DIRECTIONS FOR THIS TASK – Type out the entries below again, character for character.

MATERIAL FOR THIS TASK –
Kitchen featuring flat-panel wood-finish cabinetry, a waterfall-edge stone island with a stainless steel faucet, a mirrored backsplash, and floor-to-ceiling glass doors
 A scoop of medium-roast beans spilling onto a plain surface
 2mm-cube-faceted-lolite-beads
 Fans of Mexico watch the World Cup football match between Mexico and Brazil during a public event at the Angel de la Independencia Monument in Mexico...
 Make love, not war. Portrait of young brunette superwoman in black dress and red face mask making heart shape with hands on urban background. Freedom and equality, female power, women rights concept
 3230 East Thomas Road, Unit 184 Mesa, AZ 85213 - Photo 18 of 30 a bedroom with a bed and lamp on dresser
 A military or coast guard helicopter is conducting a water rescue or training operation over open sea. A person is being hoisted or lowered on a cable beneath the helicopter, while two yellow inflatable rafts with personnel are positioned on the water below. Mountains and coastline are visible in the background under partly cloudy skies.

YOUR RESPONSE –
Kitchen featuring flat-panel wood-finish cabinetry, a waterfall-edge stone island with a stainless steel faucet, a mirrored backsplash, and floor-to-ceiling glass doors
 A scoop of medium-roast beans spilling onto a plain surface
 2mm-cube-faceted-lolite-beads
 Fans of Mexico watch the World Cup football match between Mexico and Brazil during a public event at the Angel de la Independencia Monument in Mexico...
 Make love, not war. Portrait of young brunette superwoman in black dress and red face mask making heart shape with hands on urban background. Freedom and equality, female power, women rights concept
 3230 East Thomas Road, Unit 184 Mesa, AZ 85213 - Photo 18 of 30 a bedroom with a bed and lamp on dresser
 A military or coast guard helicopter is conducting a water rescue or training operation over open sea. A person is being hoisted or lowered on a cable beneath the helicopter, while two yellow inflatable rafts with personnel are positioned on the water below. Mountains and coastline are visible in the background under partly cloudy skies.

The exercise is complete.